THE VICTORY THEATER was built in 1900 by Oscar Hammerstein, who originally called his small theater the Republic. Designed by architect J.B. McElfatrick, the theater’s interior was painted green, ivory and gold, and had marble stairways, carved balustrades, a gilded dome, and decorative features with classical designs and allegorical figures including life-size representations of Harmony and Melody. Opening night was September 27, 1900, and the main attraction was Lionel Barrymore starring in James A. Herne’s Sag Harbor, which was followed by a six-month run of In the Palace of the King.

In 1902, Hammerstein sold the theater to its manager, David Belasco, who renamed it after himself. Belasco made extensive interior and exterior renovations, adding a glass canopy to the front entrance, redecorating in subdued greens and browns, and creating the most technically advanced backstage of the time, with traps, elevator lifts and turntables. For the next eight years, the theater housed a series of hits, with stars David Warfield, Jane Cowl, George Arliss, Mrs. Leslie Carter, Tyrone Power, Cecil B. de Mille, Mary Pickford and Lillian Gish. Among the Belasco’s successful plays were Common Clay, Lilic Time, Parlor, Bedroom and Bath and The Sign on the Door. But by far the theater’s biggest sensation was the Irish-Jewish comedy, Abie’s Irish Rose, which played 2,327 times over six seasons starting in 1922, and still remains one of Broadway’s longest running shows.

Between the hardships of the Depression and competition from a new form of popular entertainment—the movies—Belasco’s theater needed a more profitable tenant to keep it afloat. It found one in Billy Minsky, who ran the “Billy Minsky Republic Burlesque” between 1931 and 1942. The theater’s next incarnation saw it renamed the Victory in the patriotic spirit of World War II, after which a movie screen was erected for second-run films. By the early 1970s, the Victory became the first and only pornographic movie theater on 42nd Street.
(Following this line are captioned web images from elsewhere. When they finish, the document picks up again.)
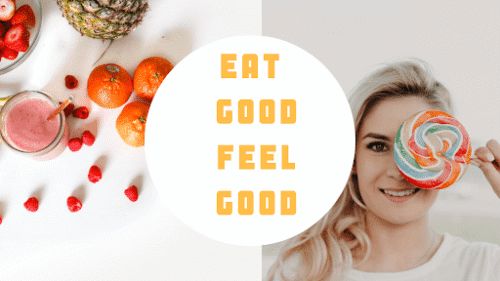 LOW CARB, HIGH FAT DIET - Boon or Bane?? 1 LOW CARB, HIGH FAT DIET - Boon or Bane??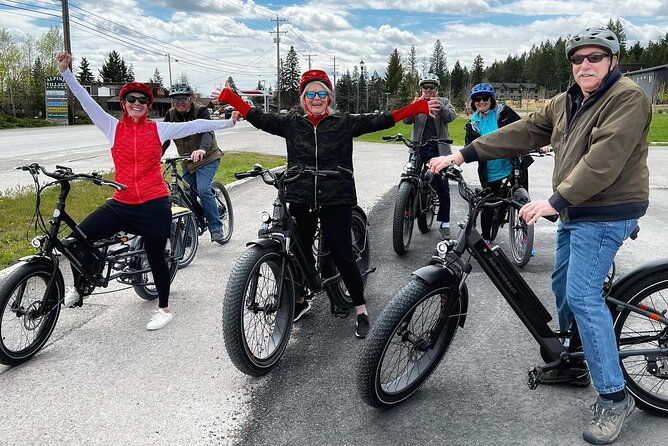 full-day-e-bike-rental-in-flathead-valley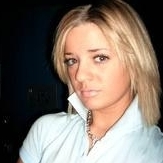 cherry085 aus luzern in lucerne sucht sex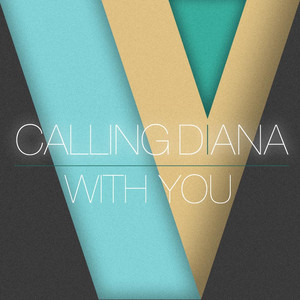 Calling Diana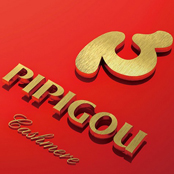 pipigou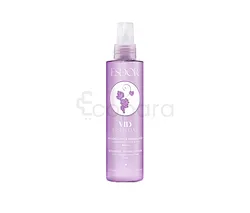 ESDOR LOTION TONIC 200ML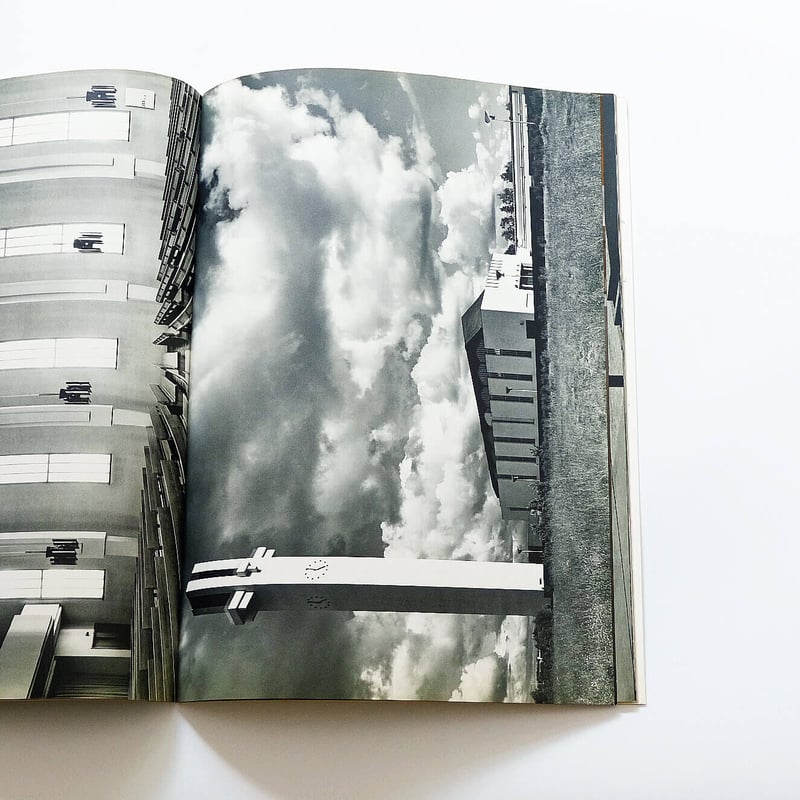 GA: Alvar Aalto | Book Ernest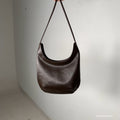 韓國 Bucks & Leather 26SS 莫諾包【SM2302】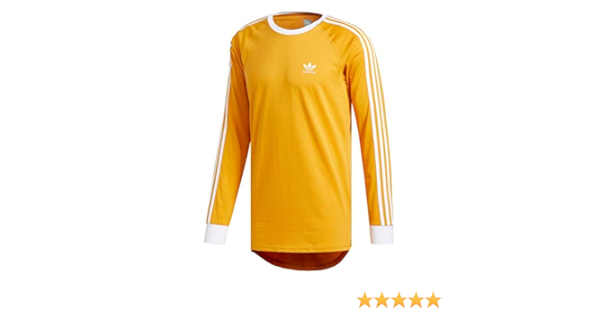 adidas california langarm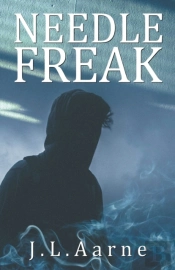 Needle Freak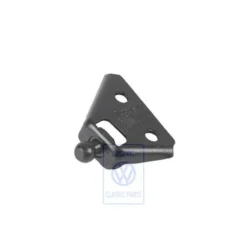871827170 : Support de roulement pour VW Polo Mk2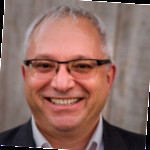authID Employee Thomas Szoke's profile photo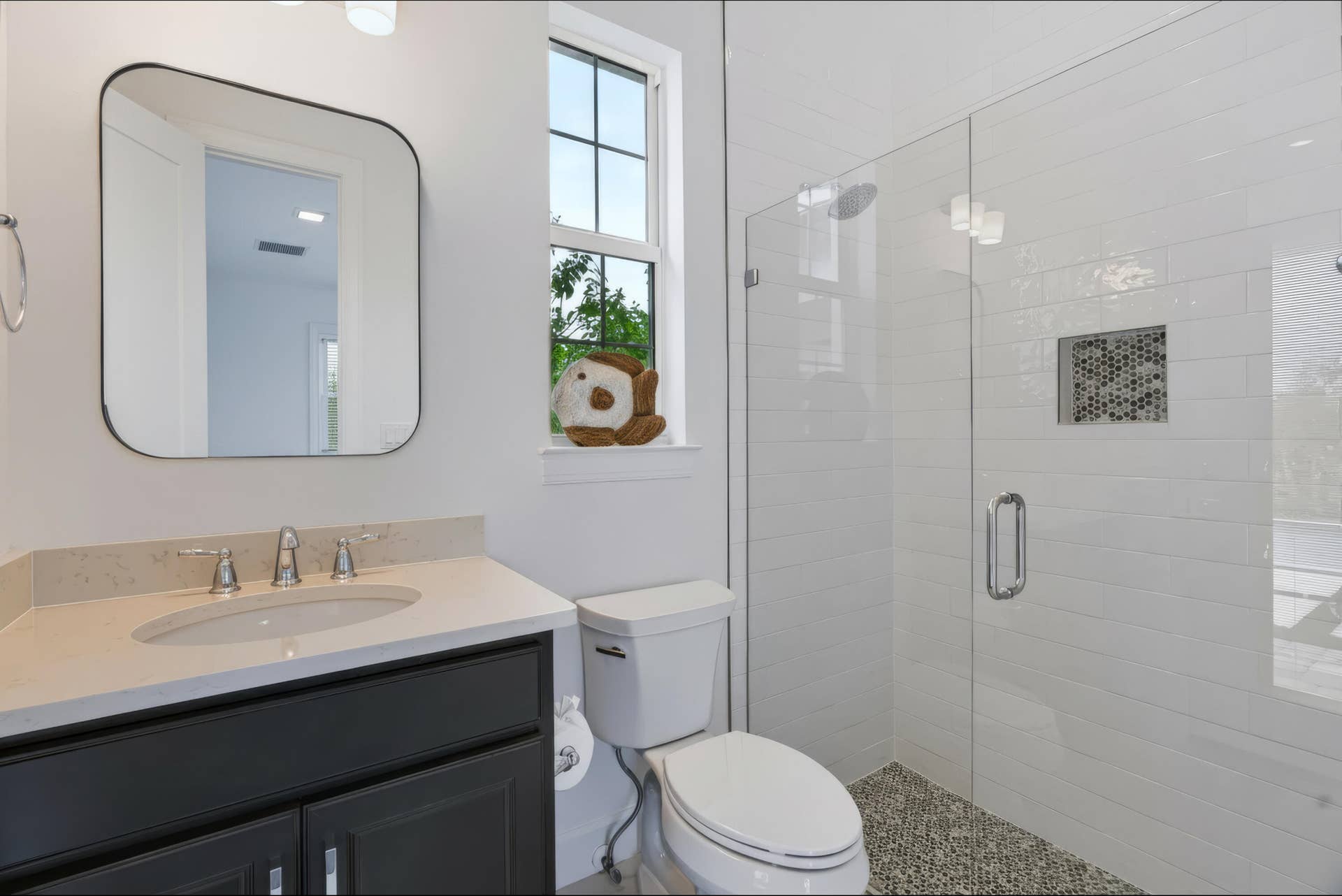 20036 SE BRIDGEWATER Drive, Jupiter, FL 33458 DSC01743-HDR
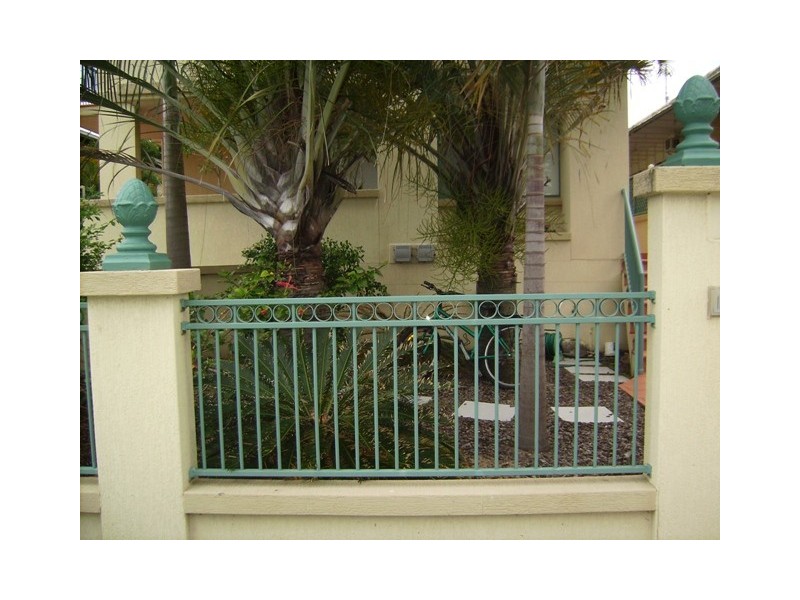 Mermaid Beach QLD 4218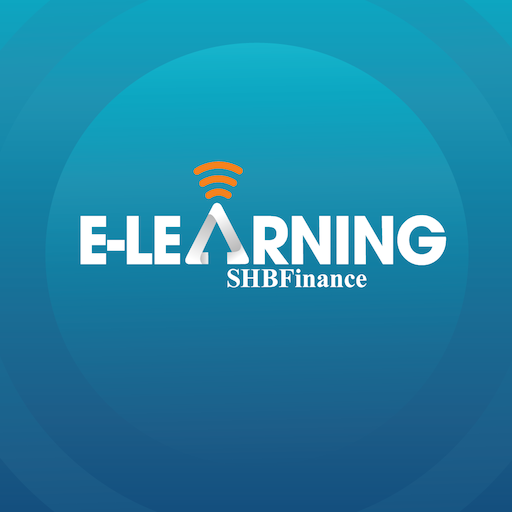 E-learning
However, by 1990, the stage of the Victory was once again graced by legitimate theater with the opening of Crowbar, followed in 1991 by Theater for a New Audience’s production of Romeo and Juliet, as well as other theatrical fare.

The New 42nd Street signed a 99-year master lease, during May 1992, with the City and State of New York for six theaters known as the Apollo, Liberty, Lyric, Selwyn, Times Square and Victory. (The Empire theater came under The New 42nd Street’s master lease once it was fully restored in April 2000.) Following extensive renovation and restoration of the Victory, and the development of a fully-programmed season and marketing strategy, The New 42nd Street opened The New Victory on December 11, 1995, the first tangible sign of change on 42nd Street.